There has been a surge in sales of fully electric cars such as Teslas and Nissan Leafs since the tunnel opened in 2009, and they now account for one in five cars on Finnoey, compared with less than 1 in 100 globally.

New registrations

Twenty-nine per cent of all new car registrations in Norway were fully electric or plug-in hybrids last year, according to the International Energy Agency, far ahead of the Netherlands in second on 6.4 per cent and Sweden in third on 3.4.

China had almost 1.5 per cent and the United States less than one. State subsidies support sales of electric cars around the world, and Norway has the most electric cars per capita, thanks to the most generous handouts.

It offers nationwide tax breaks for users of electric cars, worth tens of thousands of dollars, plus various local incentives such as exemptions from road tolls and parking fees.

“Economic incentives work, especially if they are very, very, very strong as in Finnoey,” said former Norwegian central bank governor Svein Gjedrem, who grew up on the western island chain of 3,250 people, which is famous for its fish farms and tomatoes.

A reliance on state handouts complicates efforts in nations such as Britain and France to phase out combustion engines in favour of battery-powered vehicles, which are far costlier, have limited ranges and often have long charging times.
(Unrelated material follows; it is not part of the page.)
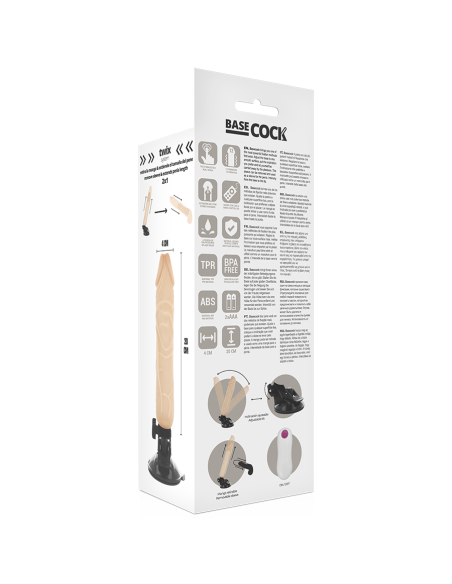 BASECOCK – REALISTINIS VIBRATORIUS SU NUOTOLINIO VALDYMO VALDYMU, ODOS IŠMAŠA 20 CM – O – 4 CM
It means the technology will have to become significantly cheaper if those governments are to meet pledges to ban sales of petrol and diesel cars from 2040, without having to hand out crippling levels of subsidies to millions of buyers.

A tale of two contrasting Norwegian municipalities – Finnoey and neighbouring Hjelmeland on the mainland – starkly illustrates the power of financial incentives on consumer behaviour.

A Finnoey resident driving to work in nearby oil hub Stavanger with an electric car can save 40,000-50,000 crowns ($5,500-$6,500) a year in tunnel tolls compared with drivers of fossil-fuelled cars. Hjelmeland, by contrast, bucks the Norwegian trend by offering no local perks at all for battery-powered cars.

“It's all about the economics, not about ideology,” Wictor Juul, the head of administration for the Hjelmeland municipality, said of the contrasting ownership rates.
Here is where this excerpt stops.